Supercomputers have a few characteristics that make them more appealing targets for ROI assessment. Characteristics include:

  • Most organizations have one or just a few such systems.
  • They are often operated by dedicated staff, in some sort of department or other organizational unit.
  • They are in a single location, so it’s easier to measure electrical utilization, square feet of data center space, and other drivers of costs.
  • Due to the relatively short lifespan of 3-7 years, there is ongoing need to plan for the next new system and its associated expenses.
  • The instruments themselves are good at counting things, such as the number of users, CPU hours, storage, etc.

What makes ROI a wicked problem for supercomputing is that the ability to easily account for expenses is accompanied by good capability to measure utilization, but clarity on measuring academic benefits, and any fiscal value they have, is lacking. This is a dilemma (in the sense of Rittel & Weber, 1973) for the organizations the operate supercomputers. CASC members report constant pressures in university environments to justify their expenses, and yet most other university departments or equipment operators are not pushed for ROI justification.

Perhaps the most important advice in such situations is to take control of measuring outcomes. For example, “impact” might be assessed as a combination of utilization and outcomes. Standard university outcomes such as papers, student theses, and course enrollment are already measured in most university environments. Can these measures be applied to supercomputer users?

Impact might also be assessed relative to other units at the organization. Many supercomputing facilities serve 5-10% of the faculty, and 10% of more of graduate students. Such broad utilization is likely to exceed the impact of many other instruments.

Another unfortunate aspect of supercomputing is that, as mentioned, there is a limited lifecycle before a new system needs to be acquired. The cost efficiency of computers goes down dramatically as they age, due to support being more expensive, increasingly frequent component failures, and newer systems being more efficient (in FLOPs/Watt or other measures) than older systems.

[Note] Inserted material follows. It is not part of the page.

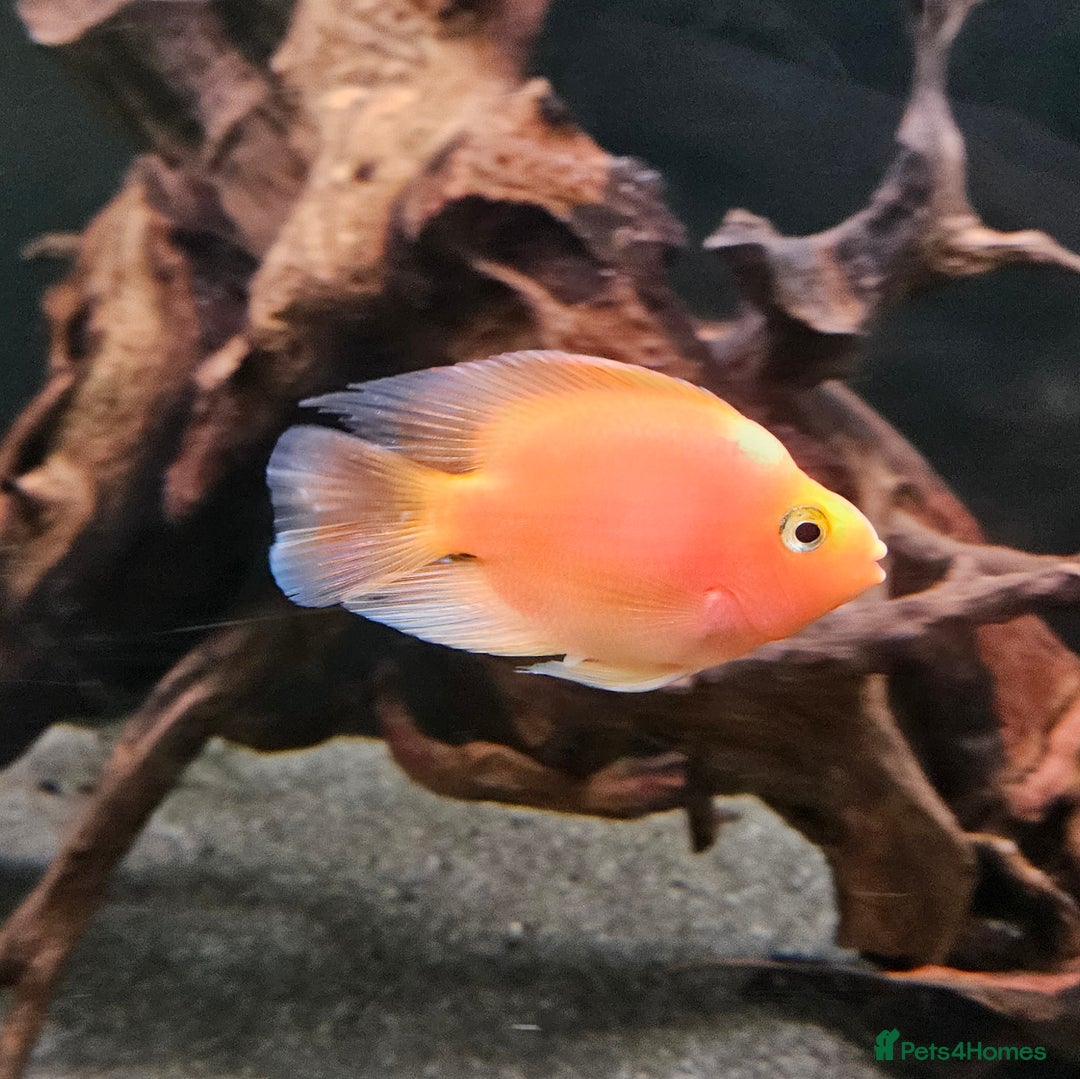 Cichlids fish for sale: Parrots Severum Jack dempsey  - Advert 2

ROI for supercomputing in academic environment is a wicked problem: it’s subjective and subject to challenge by administrators or other stakeholders. The outcomes that are most easily measured (such as CPU hours utilized) are not well aligned with those that matter most (such as scientific discovery). And, the push to demonstrate ROI for supercomputing is less seldom demonstrated for other university facilities or equipment.

In the spreadsheet that accompanies this monograph, I have included spaces to track many of the academic outcomes that are of likely interest. Individual centers need to look within their host institution to determine which factors matter, and how to make use of measures that are already in place.

Citation: Rittel H, and Webber, M. Dilemmas in a General Theory of Planning Policy Sciences 4 1973.